震災追悼法要・西林寺
江嵜企画代表・Ken
阪神淡路大震災14周年の1月17日、神戸各地で様々な形で犠牲者追悼の催や集会が開かれた。
阪神青木駅前にあった実家は二階の屋根が崩れ落ち、家の体裁をなしていなかった。一階も台所、玄関は崩れ落ちていた。広間縁側の雨戸は吹っ飛んで中庭が部屋の前に顔を出していた。二階の屋根から部屋に入った。
広間の父と奥の間に寝ていた叔母は生存していた。怯える二人をひっ張り出したことを昨日の出来事のように記憶している。
実家から徒歩5分のところにある西林寺も全壊した。震災犠牲者追悼のための法要が地震発生時間の朝5時46分から西林寺で執り行われた。
西林寺の藤川住職は、命、生命、いのちの三つの文字を黒板に書いて説明を始めた。
命を表現する場合、仏教では「いのち」と書く。科学や医学の世界では生命と書くと法話がはじまった。
14年前、あの地震で6,437名プラス行方不明2の犠牲者が出た。住職は地区の小学校、中学校を回り、次々担ぎこまれて並べられる仏様にお経を唱えた。

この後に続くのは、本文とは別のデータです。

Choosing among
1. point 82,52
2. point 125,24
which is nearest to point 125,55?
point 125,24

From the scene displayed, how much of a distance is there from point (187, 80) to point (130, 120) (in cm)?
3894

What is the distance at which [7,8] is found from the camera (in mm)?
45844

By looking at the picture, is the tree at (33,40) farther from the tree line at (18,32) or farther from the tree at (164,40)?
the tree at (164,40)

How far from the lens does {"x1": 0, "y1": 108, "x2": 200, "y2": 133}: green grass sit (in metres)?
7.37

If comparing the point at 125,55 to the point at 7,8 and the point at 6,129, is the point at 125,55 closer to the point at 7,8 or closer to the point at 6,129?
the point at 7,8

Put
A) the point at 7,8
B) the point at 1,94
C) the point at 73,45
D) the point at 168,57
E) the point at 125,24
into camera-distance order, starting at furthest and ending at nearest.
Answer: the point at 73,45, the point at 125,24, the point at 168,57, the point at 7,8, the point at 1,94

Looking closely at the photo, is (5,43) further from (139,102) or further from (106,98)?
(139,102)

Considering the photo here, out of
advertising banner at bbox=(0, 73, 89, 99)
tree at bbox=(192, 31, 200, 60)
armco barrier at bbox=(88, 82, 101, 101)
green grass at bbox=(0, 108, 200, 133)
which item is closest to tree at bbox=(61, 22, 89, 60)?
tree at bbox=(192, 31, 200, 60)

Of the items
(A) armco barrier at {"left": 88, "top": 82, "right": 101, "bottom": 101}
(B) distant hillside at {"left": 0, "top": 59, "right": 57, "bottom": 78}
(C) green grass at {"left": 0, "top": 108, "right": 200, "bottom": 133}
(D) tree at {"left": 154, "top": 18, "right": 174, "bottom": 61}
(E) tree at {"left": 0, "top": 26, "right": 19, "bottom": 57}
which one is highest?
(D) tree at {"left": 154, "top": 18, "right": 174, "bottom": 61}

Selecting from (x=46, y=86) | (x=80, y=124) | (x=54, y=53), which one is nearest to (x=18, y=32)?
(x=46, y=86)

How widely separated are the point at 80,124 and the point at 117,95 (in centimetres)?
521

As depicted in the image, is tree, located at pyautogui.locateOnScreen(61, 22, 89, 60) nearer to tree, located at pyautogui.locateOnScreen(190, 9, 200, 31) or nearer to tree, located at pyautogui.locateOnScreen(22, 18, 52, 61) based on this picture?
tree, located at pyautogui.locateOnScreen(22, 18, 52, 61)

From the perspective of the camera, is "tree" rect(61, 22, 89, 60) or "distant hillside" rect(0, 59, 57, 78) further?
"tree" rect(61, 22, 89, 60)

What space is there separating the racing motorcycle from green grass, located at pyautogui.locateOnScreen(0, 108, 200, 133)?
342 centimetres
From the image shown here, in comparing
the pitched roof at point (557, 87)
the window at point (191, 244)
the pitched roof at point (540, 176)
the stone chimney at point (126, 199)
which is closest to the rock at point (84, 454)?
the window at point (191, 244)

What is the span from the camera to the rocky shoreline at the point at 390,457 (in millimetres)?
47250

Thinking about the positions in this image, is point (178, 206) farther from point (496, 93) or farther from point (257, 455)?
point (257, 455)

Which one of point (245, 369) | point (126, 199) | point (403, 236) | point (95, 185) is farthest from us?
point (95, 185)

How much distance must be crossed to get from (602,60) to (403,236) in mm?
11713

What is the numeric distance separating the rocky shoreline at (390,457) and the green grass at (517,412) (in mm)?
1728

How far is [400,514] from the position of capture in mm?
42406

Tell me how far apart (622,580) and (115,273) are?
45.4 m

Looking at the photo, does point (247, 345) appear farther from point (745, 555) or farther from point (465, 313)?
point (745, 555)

ドライアイスが不足していた。冬のさなかであったのは幸いだった。しかし遺体の腐敗は確実に進んだ。灘高の講堂には多いときには100数十の遺体がお棺が間に合わず、毛布にくるまれたまま並べられた。
阪神淡路大震災のあと日本でも地震がたびたび起った。十勝沖地震はマグ二チュード8だったが大震災という言葉を使わない。死者の数が神戸は多かったので大震災とつけられたと住職は話を続けた。

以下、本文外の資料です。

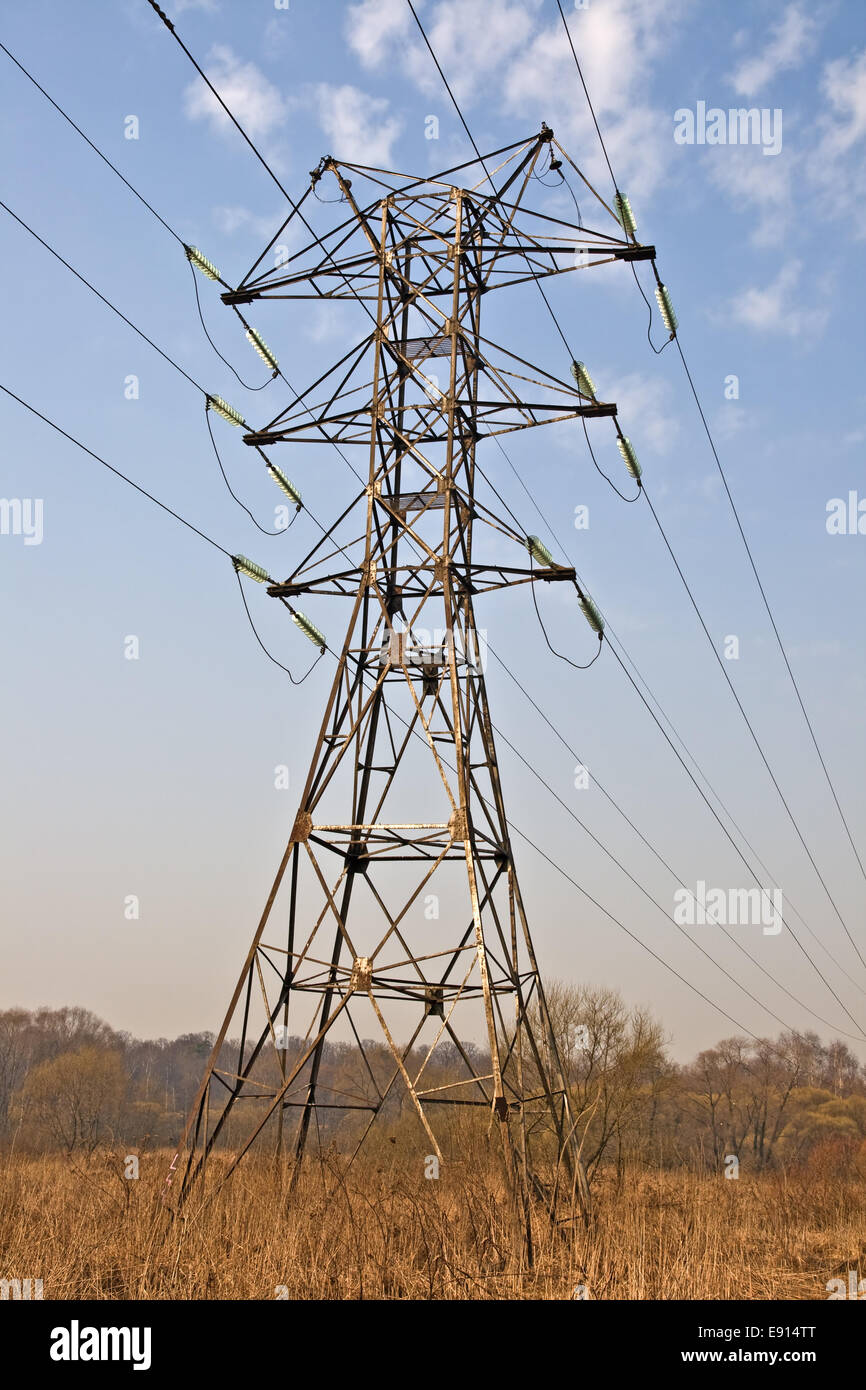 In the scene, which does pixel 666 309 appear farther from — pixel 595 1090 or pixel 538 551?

「前(さき)にうまれしもの 後を導き 後にうまれしもの 前を訪う(とむらう)」というと親鸞上人の言葉を紹介された。
なくなられたかたは何が起ったのかわからずに、いのちを落とされたに違いない。幸いにもいのちをいただいたひとが後ほど浄土を訪ね、なくなられた方にお会いしたとき震災の話をさせていただきますという意味だと説明された。
お蔭さまでいのちをいただき、震災を乗り越えることができた者は、震災を経験していない周りのひとびとに震災の話を伝えていくことが大切だと話を結ばれた。